▶ **WHAT IS NEEDED**
Across all the records, filter for lines with the word "Technology" and copy them.

▶ **INPUT**
_ _ _ _

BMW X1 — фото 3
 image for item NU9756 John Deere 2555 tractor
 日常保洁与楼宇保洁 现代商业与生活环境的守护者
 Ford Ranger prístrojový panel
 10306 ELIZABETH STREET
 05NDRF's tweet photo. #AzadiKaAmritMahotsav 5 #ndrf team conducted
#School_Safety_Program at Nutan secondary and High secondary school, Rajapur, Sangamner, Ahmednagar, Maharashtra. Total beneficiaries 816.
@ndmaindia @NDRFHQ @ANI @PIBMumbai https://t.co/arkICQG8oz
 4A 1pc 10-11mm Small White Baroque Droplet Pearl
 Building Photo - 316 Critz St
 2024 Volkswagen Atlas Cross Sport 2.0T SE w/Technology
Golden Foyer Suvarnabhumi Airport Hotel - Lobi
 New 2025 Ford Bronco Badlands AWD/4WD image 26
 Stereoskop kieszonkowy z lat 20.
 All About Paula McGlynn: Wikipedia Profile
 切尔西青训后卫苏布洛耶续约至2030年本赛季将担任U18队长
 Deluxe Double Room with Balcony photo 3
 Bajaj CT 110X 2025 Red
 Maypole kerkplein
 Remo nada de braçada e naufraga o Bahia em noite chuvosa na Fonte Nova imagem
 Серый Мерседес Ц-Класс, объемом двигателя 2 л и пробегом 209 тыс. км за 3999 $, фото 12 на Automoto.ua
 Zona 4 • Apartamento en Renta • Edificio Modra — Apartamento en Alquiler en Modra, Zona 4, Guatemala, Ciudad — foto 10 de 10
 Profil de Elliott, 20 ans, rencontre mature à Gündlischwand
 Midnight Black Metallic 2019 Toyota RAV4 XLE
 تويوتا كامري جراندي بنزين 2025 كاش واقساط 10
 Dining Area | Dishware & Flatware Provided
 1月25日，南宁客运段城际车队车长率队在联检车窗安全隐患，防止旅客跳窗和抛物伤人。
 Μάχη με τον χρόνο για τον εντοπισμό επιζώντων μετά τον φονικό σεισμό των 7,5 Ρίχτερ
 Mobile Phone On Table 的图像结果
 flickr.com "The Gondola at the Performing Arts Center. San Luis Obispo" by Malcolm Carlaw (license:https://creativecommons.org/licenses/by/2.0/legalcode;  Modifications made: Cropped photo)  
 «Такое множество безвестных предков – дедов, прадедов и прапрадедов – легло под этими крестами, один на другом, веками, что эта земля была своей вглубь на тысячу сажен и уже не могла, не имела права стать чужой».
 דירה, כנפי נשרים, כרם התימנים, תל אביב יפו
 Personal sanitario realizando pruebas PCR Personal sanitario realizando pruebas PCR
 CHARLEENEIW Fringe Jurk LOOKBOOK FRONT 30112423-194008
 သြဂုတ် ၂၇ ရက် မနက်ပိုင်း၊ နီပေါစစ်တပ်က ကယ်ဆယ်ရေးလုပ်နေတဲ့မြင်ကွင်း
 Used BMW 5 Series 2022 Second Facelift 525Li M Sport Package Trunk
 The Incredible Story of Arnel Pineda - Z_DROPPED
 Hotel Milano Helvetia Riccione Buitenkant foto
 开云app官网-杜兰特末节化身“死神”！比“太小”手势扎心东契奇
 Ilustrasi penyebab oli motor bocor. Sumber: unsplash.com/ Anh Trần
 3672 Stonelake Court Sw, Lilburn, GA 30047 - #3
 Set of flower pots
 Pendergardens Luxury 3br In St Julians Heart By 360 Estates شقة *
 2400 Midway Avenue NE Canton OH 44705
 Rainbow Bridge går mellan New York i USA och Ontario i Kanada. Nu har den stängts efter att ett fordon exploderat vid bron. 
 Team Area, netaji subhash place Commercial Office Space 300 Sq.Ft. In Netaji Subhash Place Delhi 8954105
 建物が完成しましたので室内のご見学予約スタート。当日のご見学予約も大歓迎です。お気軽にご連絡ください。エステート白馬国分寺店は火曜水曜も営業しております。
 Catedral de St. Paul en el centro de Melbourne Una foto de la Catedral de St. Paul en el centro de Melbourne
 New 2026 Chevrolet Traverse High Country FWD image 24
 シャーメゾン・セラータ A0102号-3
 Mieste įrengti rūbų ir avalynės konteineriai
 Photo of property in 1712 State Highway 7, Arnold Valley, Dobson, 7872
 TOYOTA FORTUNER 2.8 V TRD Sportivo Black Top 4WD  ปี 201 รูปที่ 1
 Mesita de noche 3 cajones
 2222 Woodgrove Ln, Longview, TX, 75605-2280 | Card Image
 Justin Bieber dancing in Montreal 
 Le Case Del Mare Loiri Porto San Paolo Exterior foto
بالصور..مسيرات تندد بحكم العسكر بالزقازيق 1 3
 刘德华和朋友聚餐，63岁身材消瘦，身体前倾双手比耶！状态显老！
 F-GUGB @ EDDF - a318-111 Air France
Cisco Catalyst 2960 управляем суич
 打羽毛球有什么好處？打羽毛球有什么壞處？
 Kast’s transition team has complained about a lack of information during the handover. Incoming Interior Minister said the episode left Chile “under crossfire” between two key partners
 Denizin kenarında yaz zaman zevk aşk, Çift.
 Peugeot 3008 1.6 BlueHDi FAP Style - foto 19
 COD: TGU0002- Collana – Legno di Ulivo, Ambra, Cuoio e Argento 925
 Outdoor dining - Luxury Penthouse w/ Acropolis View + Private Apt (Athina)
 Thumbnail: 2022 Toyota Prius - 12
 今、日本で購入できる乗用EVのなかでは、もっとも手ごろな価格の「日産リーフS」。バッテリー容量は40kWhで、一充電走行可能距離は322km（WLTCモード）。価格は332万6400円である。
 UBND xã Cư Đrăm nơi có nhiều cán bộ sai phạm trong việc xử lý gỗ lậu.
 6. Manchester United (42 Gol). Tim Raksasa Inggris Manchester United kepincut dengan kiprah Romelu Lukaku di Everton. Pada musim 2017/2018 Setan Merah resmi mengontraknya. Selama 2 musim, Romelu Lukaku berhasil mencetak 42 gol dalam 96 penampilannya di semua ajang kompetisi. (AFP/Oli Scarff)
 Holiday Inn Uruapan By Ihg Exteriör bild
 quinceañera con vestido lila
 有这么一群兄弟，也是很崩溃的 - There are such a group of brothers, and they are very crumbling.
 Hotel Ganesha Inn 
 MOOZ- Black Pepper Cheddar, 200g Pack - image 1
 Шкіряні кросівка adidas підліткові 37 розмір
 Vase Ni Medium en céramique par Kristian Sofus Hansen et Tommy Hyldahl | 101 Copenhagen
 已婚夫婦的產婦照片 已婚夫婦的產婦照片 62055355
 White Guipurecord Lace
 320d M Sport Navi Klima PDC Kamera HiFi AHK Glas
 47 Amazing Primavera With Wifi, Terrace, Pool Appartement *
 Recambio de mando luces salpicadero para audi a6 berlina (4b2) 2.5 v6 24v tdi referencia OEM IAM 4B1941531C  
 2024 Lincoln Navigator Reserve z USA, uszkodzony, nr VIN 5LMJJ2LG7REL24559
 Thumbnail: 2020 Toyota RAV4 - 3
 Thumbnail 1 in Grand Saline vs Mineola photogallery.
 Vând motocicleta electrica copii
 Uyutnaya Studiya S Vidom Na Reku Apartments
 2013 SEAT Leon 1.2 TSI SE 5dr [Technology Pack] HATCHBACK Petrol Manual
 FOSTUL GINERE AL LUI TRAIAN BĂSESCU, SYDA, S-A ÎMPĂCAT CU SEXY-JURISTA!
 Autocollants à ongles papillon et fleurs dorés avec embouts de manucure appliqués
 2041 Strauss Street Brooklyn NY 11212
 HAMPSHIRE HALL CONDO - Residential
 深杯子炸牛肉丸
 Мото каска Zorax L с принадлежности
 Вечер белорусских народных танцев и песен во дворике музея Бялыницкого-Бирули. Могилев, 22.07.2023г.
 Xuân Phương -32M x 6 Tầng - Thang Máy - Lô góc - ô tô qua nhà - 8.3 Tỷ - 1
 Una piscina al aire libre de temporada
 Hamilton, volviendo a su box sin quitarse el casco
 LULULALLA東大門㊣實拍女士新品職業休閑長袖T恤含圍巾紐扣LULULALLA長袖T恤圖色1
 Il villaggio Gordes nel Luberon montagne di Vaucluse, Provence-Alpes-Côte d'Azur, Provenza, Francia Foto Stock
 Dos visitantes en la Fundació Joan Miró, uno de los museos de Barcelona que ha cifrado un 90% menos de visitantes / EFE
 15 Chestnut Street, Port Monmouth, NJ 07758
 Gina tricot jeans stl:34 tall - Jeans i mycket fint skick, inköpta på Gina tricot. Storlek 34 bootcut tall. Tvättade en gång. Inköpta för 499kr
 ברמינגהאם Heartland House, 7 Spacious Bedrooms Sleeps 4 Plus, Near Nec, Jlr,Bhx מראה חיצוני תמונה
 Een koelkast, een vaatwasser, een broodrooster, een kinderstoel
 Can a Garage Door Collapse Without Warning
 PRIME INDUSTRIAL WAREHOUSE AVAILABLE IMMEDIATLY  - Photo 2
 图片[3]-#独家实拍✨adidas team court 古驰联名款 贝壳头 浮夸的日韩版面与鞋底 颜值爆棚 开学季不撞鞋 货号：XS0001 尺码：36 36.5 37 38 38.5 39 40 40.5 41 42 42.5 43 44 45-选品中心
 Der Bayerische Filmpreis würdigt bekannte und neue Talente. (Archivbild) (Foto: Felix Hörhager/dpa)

_ _ _ _

▶ **SOLUTION FOR THIS TASK**
 2024 Volkswagen Atlas Cross Sport 2.0T SE w/Technology
 2013 SEAT Leon 1.2 TSI SE 5dr [Technology Pack] HATCHBACK Petrol Manual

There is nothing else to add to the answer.